Other molecules involved in Treg induction by antigen-presenting cells are RA and arginase. We detected a significant down-regulation of the RA-converting enzyme ALDH activity, necessary for RA production, in GMaM. Therefore, it is very unlikely that GMaM reprogram naive T cells into Treg by this mechanism. Another major inducer of Treg is arginase, and we detected a significant up-regulation of Arg1 mRNA expression as well as increased Arg1 activity in GMaM. Surprisingly, Treg did develop in cocultures with GMaM even in the presence of Arg1 inhibition. As we also found up-regulation of ectonucleotidases on GMaM, we consequently investigated whether these molecular pathways could be involved in the observed Treg induction.

It is known that the proinflammatory danger signal ATP can be processed by monocyte expressed E-NTPDase (CD39), which catalyzes ATP and adenosine diphosphate to adenosine monophosphate.
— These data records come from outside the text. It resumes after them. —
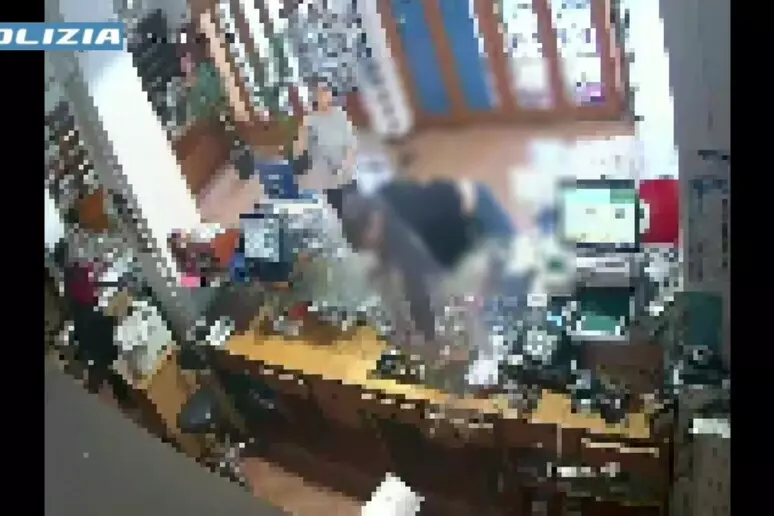 Rapinatore con casco e martello arrestato dalla polizia a Sassari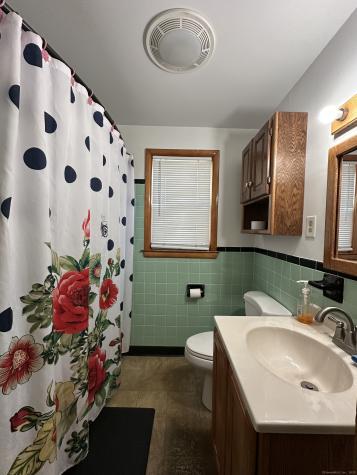 10 Kenyon Place East Hartford CT 06108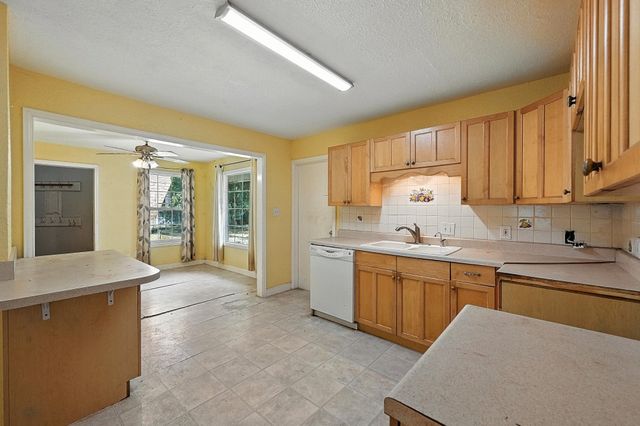 2609 Woodson Drive, Bedford, TX 76021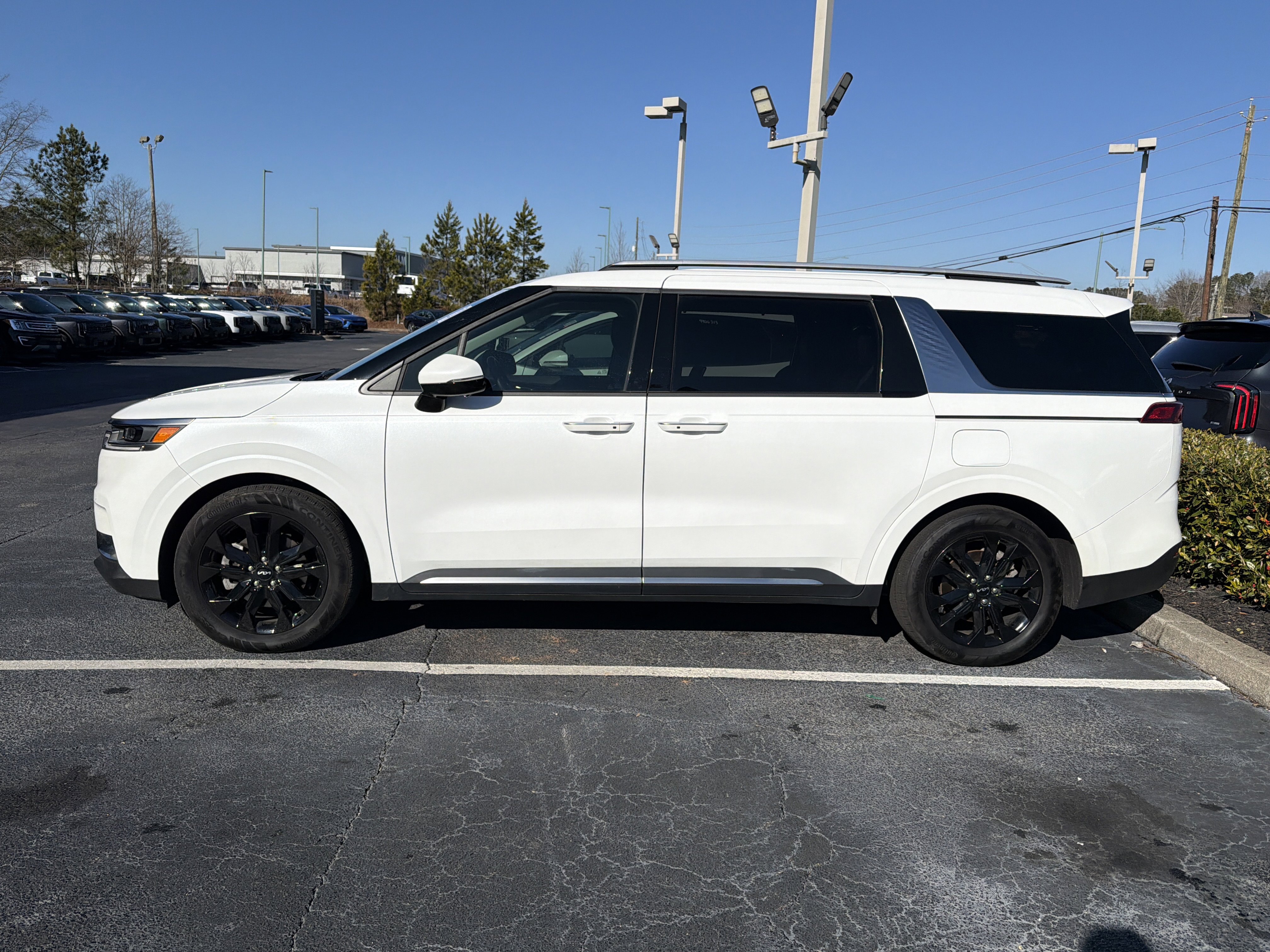 Used 2024 Kia Carnival SX image 4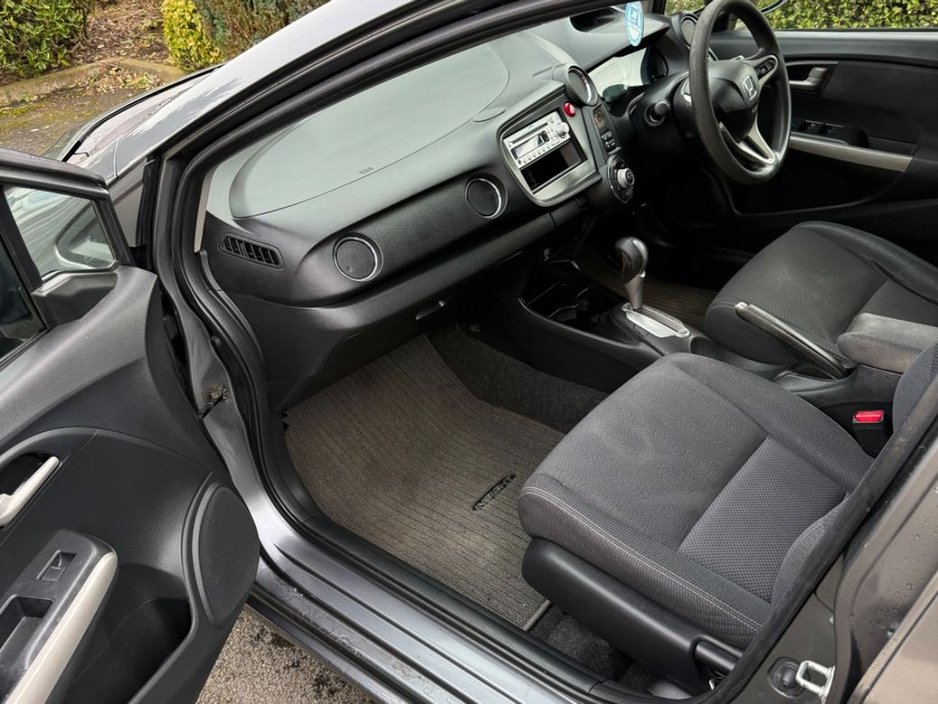 2011 Honda Insight - image 5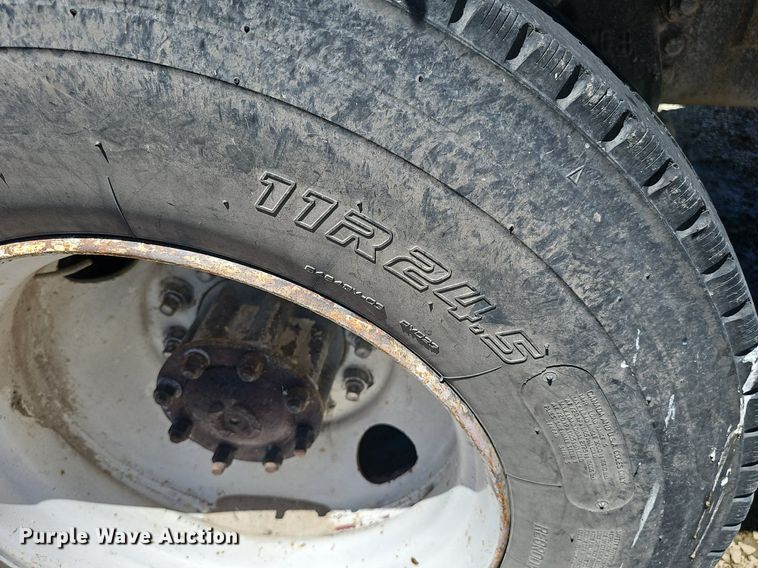 image for item DP6458 1989 Ford LT9000 flatbed truck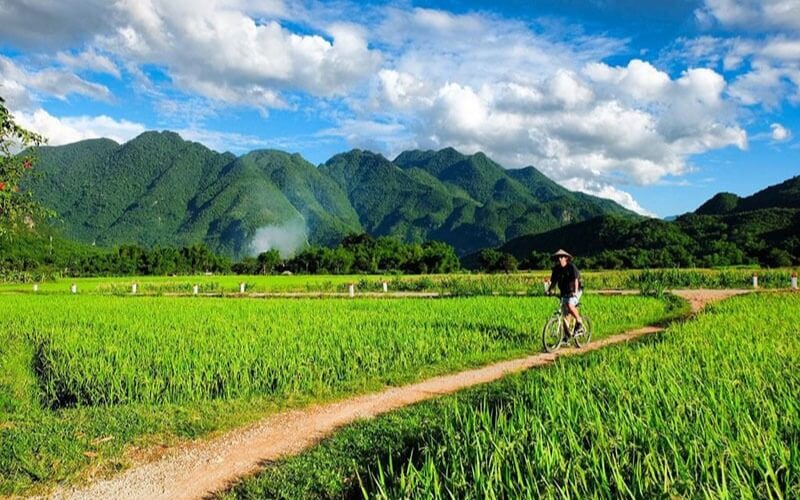 Cycling in Mai Chau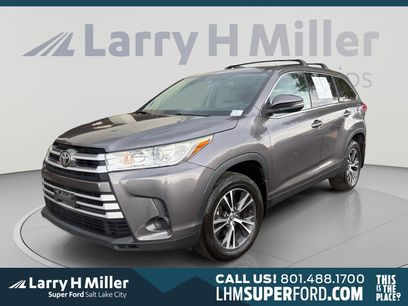 Used 2019 Toyota Highlander LE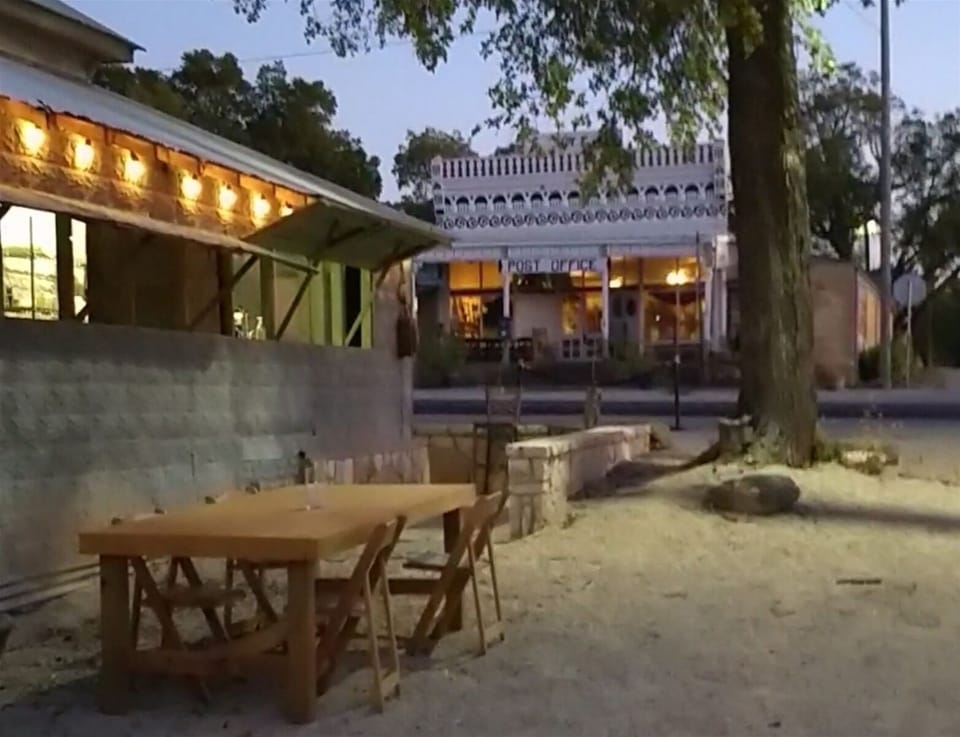 Surrounded by amazing wineries, and distilleries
In a further step, ecto-5′-nucleotidase (CD73) rapidly dephosphorylates adenosine monophosphate into anti-inflammatory adenosine. Adenosine has been described to be of importance for regulatory mechanisms in the immune system and in induction of Treg. Because this pathway promotes an anti-inflammatory milieu, its potential has already been recognized and tested in the context of IBD. CD39-deficient mice consistently developed more severe DSS-induced colitis, and CD39 somatic mutations have been found to be associated with IBD.

It has been described that CD39 and CD73 are jointly up-regulated on M2-polarized macrophages and that Treg express high numbers of these enzymes. We therefore hypothesized that this could provide at least one possible mechanism by which GMaM exert their anti-inflammatory function directly in the intestine by sequestering ATP, or by interaction with cells of the adaptive immune system by providing adenosine. Until now, it was thought that Treg form an autocrine loop using self-generated adenosine that binds to Treg-expressed adenosine receptors (eg, A2AR) resulting in Treg expansion and higher Foxp3 expression.29, 49 However, it remains unproven as to whether these activities degrading ATP to adenosine could be provided by a second cell type that is surrounding the cell, in our case the monocyte, with an adenosine-rich “purinergic halo,” thereby modifying cells in close proximity. We demonstrate that CD39 and CD73 have a decisive impact on GMaM-induced Treg differentiation in vitro, as Treg induction from naive T cells was indeed dependent on CD39 and CD73 activity as well as on adenosine provided by monocytes. However, because Treg induction by GMaM is not completely blocked by inhibition of CD39 and CD73, an as-yet-unidentified mechanism could also contribute to Treg differentiation. This idea is supported by the finding that CD39−/− GMaM, when added together with WT T cells into Rag1−/− mice also showed the capability to differentiate Foxp3+ Tregs in vivo. Nevertheless, in this setting it is possible that other host cells such as monocytes/macrophages or CD39-expressing epithelial cells could compensate for the lack of CD39 on CD39−/− GMaM. However, it remains to be shown and needs future study, for example, by using CD39−/− and CD73−/− as well as double-knockout T cells and/or monocytes to dissect the in vivo role of CD39 on Treg cell induction during inflammation.

Taken together, we have shown that GM-CSF induces a specifically activated monocyte subset in mice that is characterized by less pronounced amplification of classic innate immune mechanisms (important for their role in host defense) and more induction of M2-polarized macrophage-related immunomodulatory functions (important for their cross-talk with adaptive immunity). The resulting monocyte phenotype, which we have termed GMaM, has a protective and therapeutic role in chronic DSS-induced colitis in mice. The beneficial effects of GMaM are at least in part attributable to their potency to modulate the T-cell compartment. As a novel pathway involved in the interaction of innate and adaptive immunity, we propose that GMaM may act through CD39 and CD73 to convert ATP to adenosine to induce regulatory T cells from naive T cells.